**Task item:**
Pictures are not part of the copy; reproduce the remaining data exactly.

**Dataset excerpt:**

-- Opening Marker --

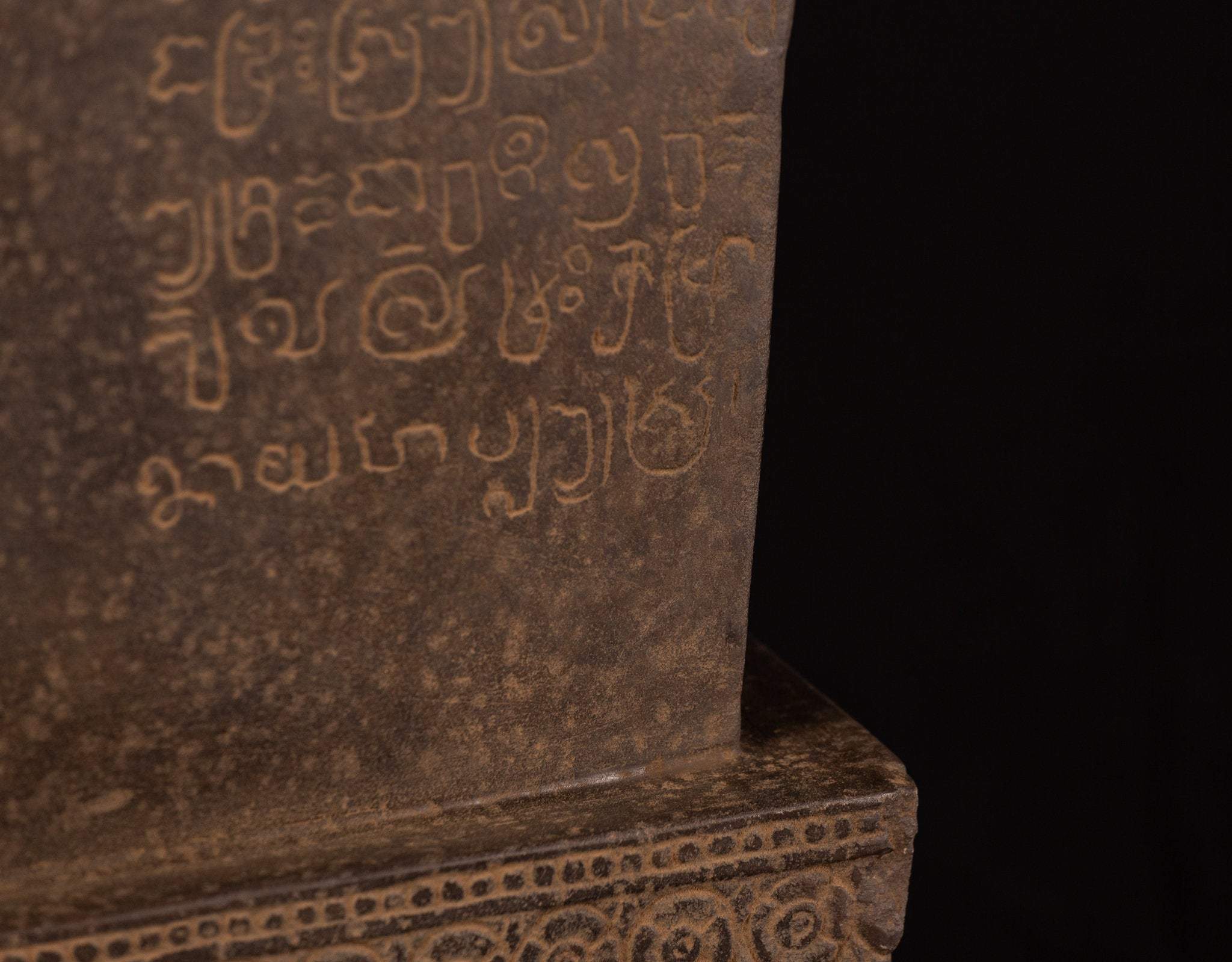 Stele sanscrito in pietra in stile khmer antico con Nandi - 65 cm / 26 "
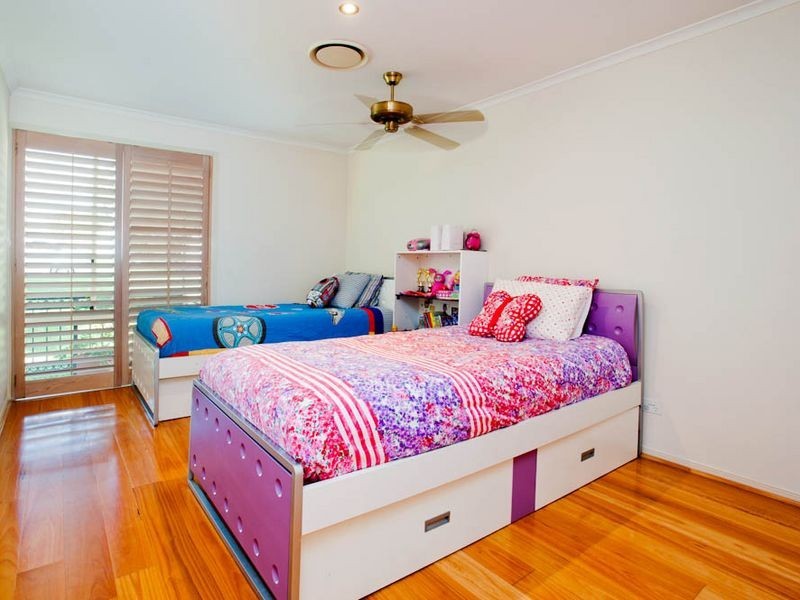 18 FITZALAN CIRCUIT, Arundel QLD 4214
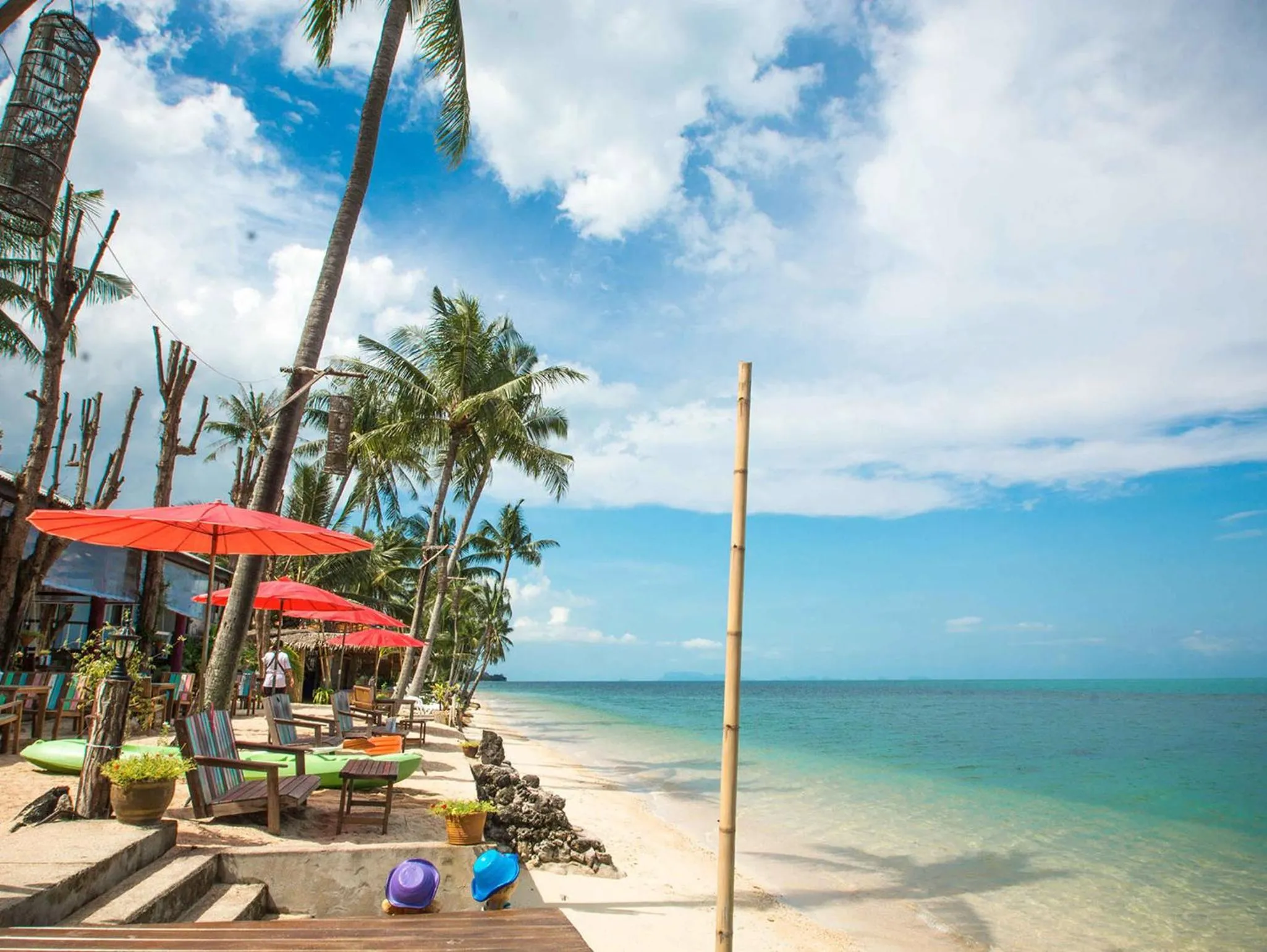 Restaurant/places to eat, Beach in By Beach Resort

-- Closing Marker --

**Written answer:**
 Stele sanscrito in pietra in stile khmer antico con Nandi - 65 cm / 26 "
 18 FITZALAN CIRCUIT, Arundel QLD 4214
 Restaurant/places to eat, Beach in By Beach Resort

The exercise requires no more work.